Last week John Fitzpatrick and I met up in Yum Chaa (brilliant place for tea lovers)  in Soho, and had a chat about his show ‘This Much [Or an Act of Violence Against The Institution of Marriage]’ on at The Edinburgh Fringe in August, amongst many other things such as the commodification of relationships, privilege, equality, all sorts.

You can listen to our 20 minute ramble on Sound Cloud here: https://soundcloud.com/amie-taylor/john-interview

Or read a shortened version of the transcript below.

AT:  Hi John, thanks for talking to us today.  So tell us, first of all, the name of the show you’ve written and we’ll take it from there.

JF: Okay, the name of the show is ‘This Much’ or ‘An Act of Violence towards the Institution of Marriage.’  It’s about a guy called Gar and he is in a very stable relationship, but then he meets someone else in the corner shop while trying to choose a pack of biscuits. And it starts to challenge his sense of self and his identity, so he starts to have an affair. He can’t decide between the stable relationship or this new person, which is exciting and so it just ends up causing havoc in everyones lives and brings out the worst in everybody.  So he realises that the identity that he has, has stopped him being the person he wants to be, so he has to do something drastic in order to become himself. Which he does, and that continues to cause havoc. So I suppose, he wants to be himself, but what’s stopping him is everything, so he tries to give up everything, and then he has nothing.

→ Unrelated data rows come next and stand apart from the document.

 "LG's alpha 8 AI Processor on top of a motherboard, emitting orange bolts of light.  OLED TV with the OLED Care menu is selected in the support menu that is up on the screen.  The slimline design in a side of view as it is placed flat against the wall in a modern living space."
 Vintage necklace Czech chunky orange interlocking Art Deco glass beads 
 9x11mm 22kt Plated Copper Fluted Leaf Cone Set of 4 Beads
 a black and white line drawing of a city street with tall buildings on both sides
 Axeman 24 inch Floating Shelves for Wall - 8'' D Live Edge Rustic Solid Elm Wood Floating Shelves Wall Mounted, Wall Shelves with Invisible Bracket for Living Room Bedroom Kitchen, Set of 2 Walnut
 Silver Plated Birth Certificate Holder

AT: Wow.  So where did the seed of that idea come from?

JF:  The seed of that idea came from having a deadline to write a play.  And I didn’t know what to write, the only thing that was enjoyable was trying to remember back as far as I could and writing everything I could remember since I was born. So I wrote pages and pages…

AT: From your life?

JF:   Yes, literally going ‘Okay, what’s my first memory? Great, what’s next?’  And having a look at what was standing out. And that created this block of text, and then within that I was thinking about relationships and how people affect each other in relationships.  There had been this incident in a gay bar in Dublin years ago, which my boyfriend at the time had witnessed, where a guy came in and stabbed his boyfriend and I was thinking ‘What do you do to someone you love to make them hate you that much?’ So I started writing these scenes, working towards that. And then it developed and I took out the dramatic ending because it didn’t need it.  And I took out all of the memory stuff because it had infiltrated the scenes, but it didn’t need to be there anymore.  And what was left was a very subtle relationship.  The feeling that if your identity is forged through fear, about gender and about sexuality, you end up being an adult with an identity that you’re not very happy with, because it’s not your true instinct. And relationships are like someone mirroring yourself back to you in a way, and when what you see doesn’t make you happy, you go – what the fuck’s wrong with me? So it’s about someone trying to escape that trap and be themselves. And express that instinct that was quite pure as a child but has got suppressed through masculinity and sexual norms.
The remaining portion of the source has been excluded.